Ii-a Self-supervised monocular depth estimation

Monocular depth estimation has always been an important aspect of scene understanding. Some works apply supervised [5, 7, 17, 16, 33, 1] or stereo self-supervised [11, 20, 22, 10] methods to tackle the problem. However, due to the difficulty of obtaining large amount of labeled data or complex stereo calibration to train the depth estimation network, monocular self-supervised method was proposed instead [3, 31, 9, 36].

Proposed by the pioneering work [36], the basic idea is to use photometric reconstruction loss calculated by comparing the target image with the target view reconstructed from nearby source views. However, it assumes that the scene is static and that no occlusion is present between different consecutive frames. [18, 34, 27] explicitly established different motion models to resolve the moving scene problem. [32] introduced 3D surface normal by constructing two additional layers for better depth estimation. [9] replaced the original photometric reconstruction error with per-pixel minimum reprojection error, which partially enabled it to tackle occlusion. It also used up-sampling and proposed auto-masking of stationary pixels to avoid ’holes’ of infinite depth generated by low-texture and moving objects respectively.

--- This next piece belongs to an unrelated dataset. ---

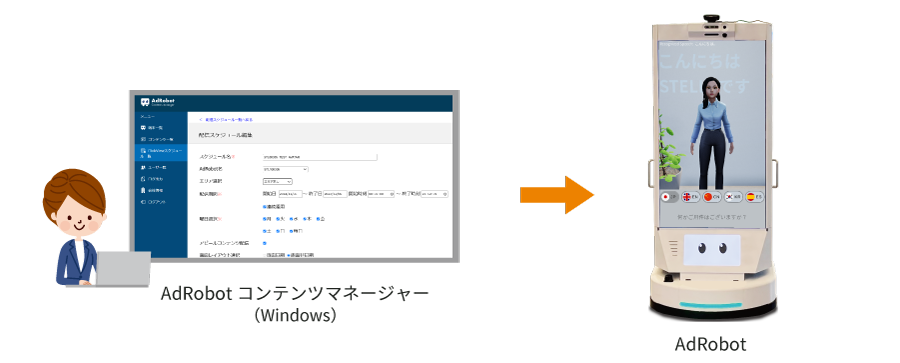 AIアバターSTELLAのシステム構成図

However, all aforementioned works predict only relative depth, which means there still exists a scale gap between the prediction and true depth. For evaluation purpose, ratio between medians of ground-truth and current prediction is employed to acquire absolute depth. Unfortunately, in real application scenarios, ground-truth is either too difficult or financially expensive to obtain. Therefore, a scale recovering approach which is free of depth ground truth is called for.

Ii-B Monocular scale recovery

Scale uncertainty has always been a problem for 3D vision for monocular camera. To recover scale factor and achieve absolute depth estimation, [21] utilizes pose information and [24] uses stereo data to pretrain network, both introducing additional sensor information but the results were no as satisfactory. Besides depth estimation, a typical example of this is monocular visual SLAM. In order to mitigate this, [6, 26] integrate object detection algorithms into monocular visual SLAM system and take advantage of object size prior to recover scale. However, in addition to the significant increase of computation complexity, these methods show limited robustness under scenes without known object classes.

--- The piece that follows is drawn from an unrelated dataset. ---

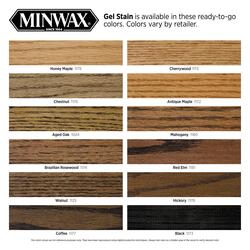 Minwax Gel Stain for Wood, Veneer & Fiberglass Chestnut 8 Oz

Fig. 2: Overall structure of proposed DNet pipeline. The algorithm first estimates relative depth using the depth estimation network with our proposed DCP layer (pink layer in the figure) to generate and exploit hierarchical features. After that, scale recovery module pops in. It utilizes geometrical relationship between the ground and the camera, using extracted ground points to densely calculate camera heights point by point. Median value of all camera heights is then selected to be the final estimated value and used to obtain scale factor. Combined with relative depth map generated in the first step, scale recovery module outputs absolute depth of the given monocular image.

Handling the geometrical relationship between camera and ground is also an effective approach to tackle this problem. This geometrical constrain is broadly used in autonomous driving tasks, for ground is commonly seen in images captured by on-board cameras. The main task of these methods is to estimate a relative camera height using camera-ground geometrical constrains, and thus infer scale with absolute camera height prior. [4]

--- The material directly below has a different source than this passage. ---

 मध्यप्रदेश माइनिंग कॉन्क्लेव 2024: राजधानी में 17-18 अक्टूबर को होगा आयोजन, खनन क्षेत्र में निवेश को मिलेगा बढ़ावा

extracted ground using trained classifier, but it doesn’t possess an excellent generalization power.

[25] extracted the ground points densely in region of interest similar to [15, 35], but it requires dense stereo to be added to the system, which can potentially raise cost and increase complexity. In [29], the most similar work to this one, used surface normal to extract ground points and thus calculate camera height. However, due to the sparsity originated in its key-point-based strategy, data association through consecutive frames are needed, makes this method hardly integrated into monocular depth estimation tasks which use only single image as input. In additon, this method regards the ground as a whole, flat panel with single surface normal, which is a strong assumption for autonomous driving scenarios. In contrast, our method is free of data association, which means it can be integrated into both monocular depth estimation and visual SLAM tasks. Furthermore, our method achieve per-pixel surface normal calculation and ground segmentation, makes the algorithm robust to different road conditions for autonomous driving.

Iii Method

In this section, a novel pipeline called DNet specifically designed for monocular absolute depth estimation in autonomous driving applications is proposed. The pipeline can be divided into two parts, respectively relative depth estimation, with dense connected prediction (DCP) layer to improve object-level depth inference, and scale recovery based on dense geometrical constraint, without needing any additional sensor signals or depth ground-truth. The overview of DNet can be seen in Fig. 2.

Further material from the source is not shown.